To process audio in real-time, you will stream your audio to Deepgram as it happens. Deepgram will return temporary transcripts that finalize and self-correct as additional words are spoken.
Deepgram gives you streamlined access to automatic transcription from Deepgram's off-the-shelf and trained speech recognition models. This product is very fast, can understand nearly every audio format available, and is customizable.
When streaming audio in real-time, you will live-stream your audio to Deepgram and receive both live transcriptions and transcript corrections in return. During the process, you will receive multiple response messages as new transcripts become available and old transcripts are corrected.
Deepgram's real-time streaming is ideal for use cases involving live audio streams that need to be analyzed and transcribed as words are being spoken.
You need to dictate a message to your phone. You want to be able to see the words appear as soon as they are spoken, so that you can check the message and make sure that it is correct. As you speak, words begin to appear on your screen. As you continue talking, more words appear (as new transcripts become available). Eventually, phrases that start out wrong correct themselves (as old transcripts are corrected) until you have a final message.
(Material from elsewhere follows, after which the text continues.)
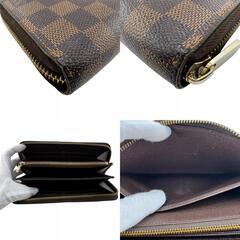 ルイヴィトン LOUIS VUITTON 長財布 ダミエ ジッピーウォレット ラウンドジップ N60015 ブルーの画像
You manage a call center. You want all calls taken by your call center agents to be transcribed in real-time, so you can provide each agent with timely information to provide more effective customer service.
Real-time streaming uses WebSockets, a communications protocol that enables full-duplex communication, which means that you can stream new audio to Deepgram at the same time the latest transcription results are streaming back to you. Using WebSockets is further eased by the wide variety of third-party client libraries that have been written to support a range of languages and production environments.